_WORK TO COMPLETE_
Only the lines from the "Apartament 3 camere decomandat 72mp Centru" line through the last line of the material below belong in the answer, reproduced exactly and with no pictures.

_THE DATA_
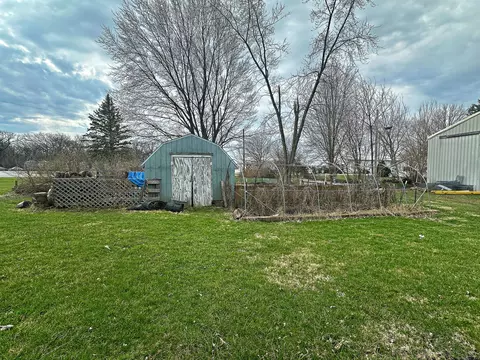 612 S Main St, Long Point, IL 61333 photo 21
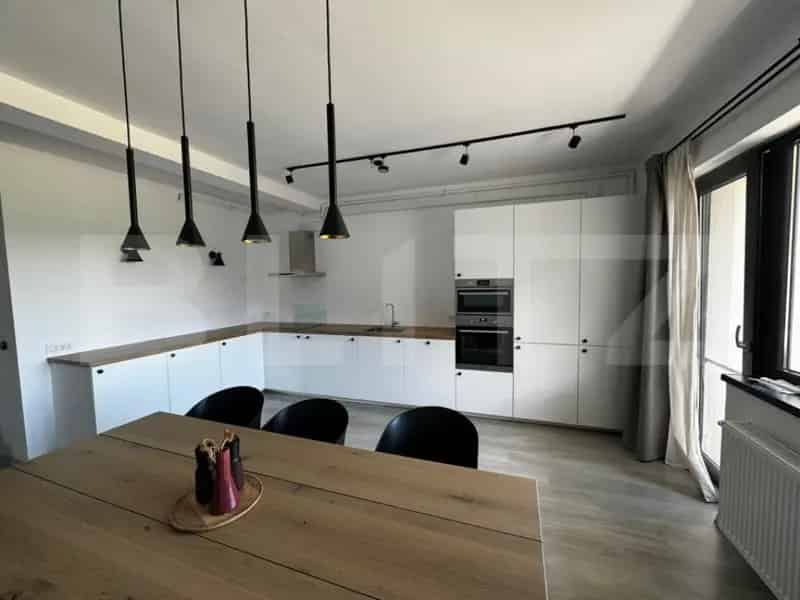 Apartament 3 camere decomandat 72mp Centru
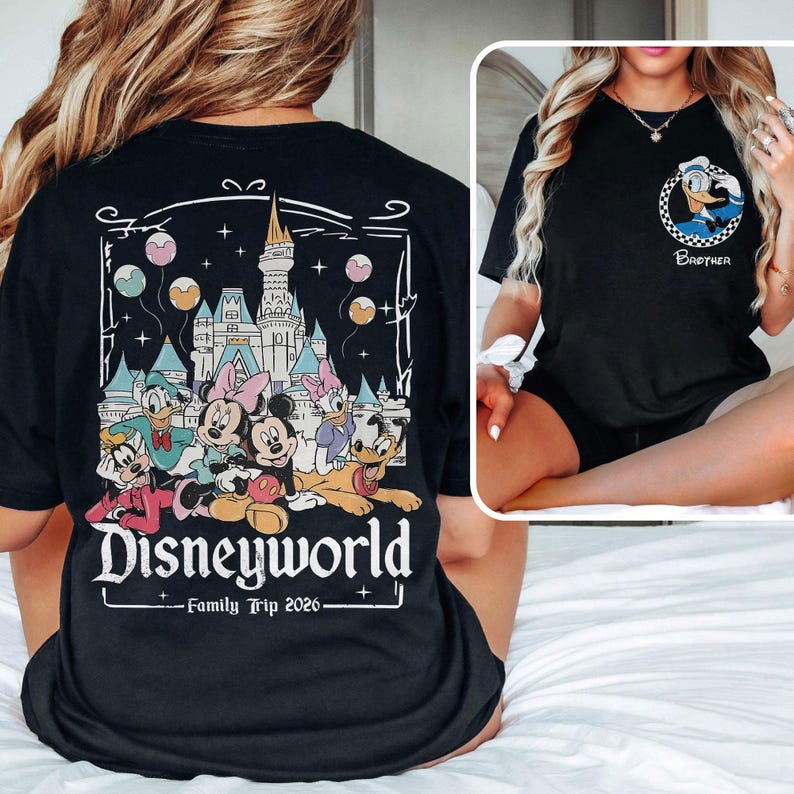 Puede incluir: Camiseta negra con un dise&ntilde;o de Disney World. El dise&ntilde;o incluye a Mickey Mouse, Minnie Mouse, Donald Duck, Daisy Duck, Goofy y Pluto, un castillo, globos y el texto "Disneyworld - Family Trip 2026."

_ANSWER TO THIS TASK_
 Apartament 3 camere decomandat 72mp Centru
 Puede incluir: Camiseta negra con un dise&ntilde;o de Disney World. El dise&ntilde;o incluye a Mickey Mouse, Minnie Mouse, Donald Duck, Daisy Duck, Goofy y Pluto, un castillo, globos y el texto "Disneyworld - Family Trip 2026."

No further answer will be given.